**Prompt**
Transcribe the data that follows. Match it character for character.
#### Supplied material
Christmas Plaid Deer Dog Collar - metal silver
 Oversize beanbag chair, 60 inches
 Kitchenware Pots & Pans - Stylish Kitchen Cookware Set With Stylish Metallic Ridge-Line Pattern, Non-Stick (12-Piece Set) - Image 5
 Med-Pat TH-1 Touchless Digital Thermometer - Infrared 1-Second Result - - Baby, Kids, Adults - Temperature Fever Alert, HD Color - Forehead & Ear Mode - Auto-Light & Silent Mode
########
**Result of this exercise**
Christmas Plaid Deer Dog Collar - metal silver
 Oversize beanbag chair, 60 inches
 Kitchenware Pots & Pans - Stylish Kitchen Cookware Set With Stylish Metallic Ridge-Line Pattern, Non-Stick (12-Piece Set) - Image 5
 Med-Pat TH-1 Touchless Digital Thermometer - Infrared 1-Second Result - - Baby, Kids, Adults - Temperature Fever Alert, HD Color - Forehead & Ear Mode - Auto-Light & Silent Mode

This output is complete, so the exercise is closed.